-- THE DATA follows --
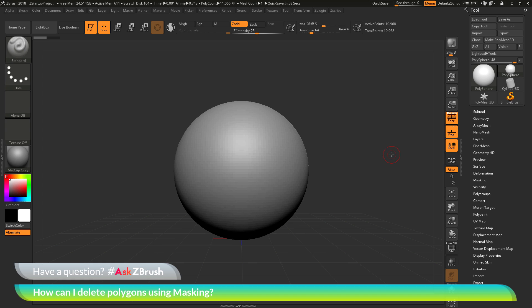This is Joseph Drust and welcome back to another episode of Ask ZBrush. We had a question sent in asking, how can I delete polygons using masking?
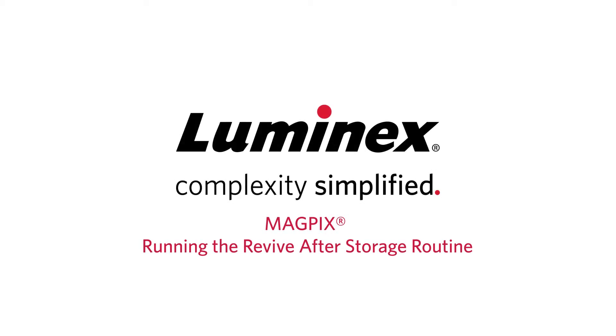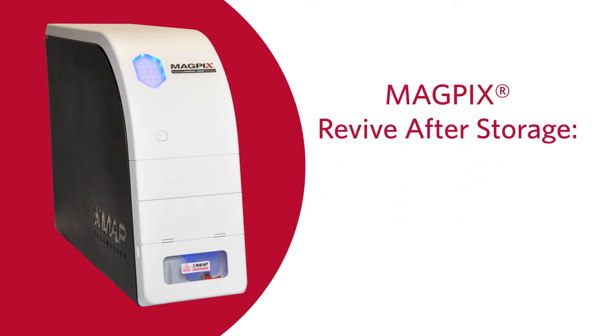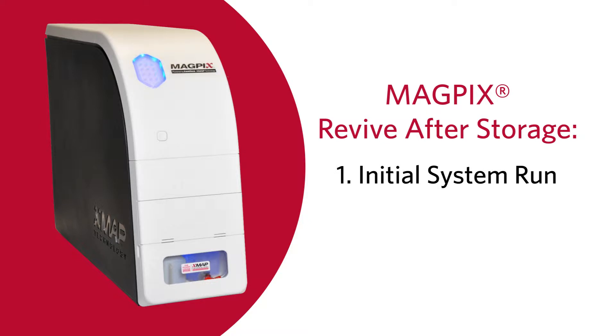Let's learn how to run the Revive After Storage routine on the MagPix. The Revive After Storage routine is necessary when the MagPix system runs for the first time and is recommended when the system has been idle for more than a week.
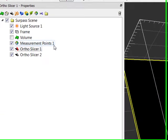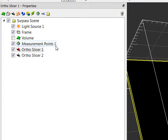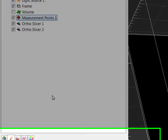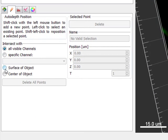Then, switch to measurement points and select the surface of object option.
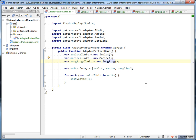Hey guys, John Lindquist here. Let's talk about the adapter pattern. The adapter pattern helps you to take two libraries or two separate code bases — things that weren't made to work together — and it helps them to work together.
-- THE DATA concluded --
= AIM OF THE TASK =
Copy out all of the data word for word. Do not carry over any picture.

= RESULT OF THIS TASK =
This is Joseph Drust and welcome back to another episode of Ask ZBrush. We had a question sent in asking, how can I delete polygons using masking?
Let's learn how to run the Revive After Storage routine on the MagPix. The Revive After Storage routine is necessary when the MagPix system runs for the first time and is recommended when the system has been idle for more than a week.
Then, switch to measurement points and select the surface of object option.
Hey guys, John Lindquist here. Let's talk about the adapter pattern. The adapter pattern helps you to take two libraries or two separate code bases — things that weren't made to work together — and it helps them to work together.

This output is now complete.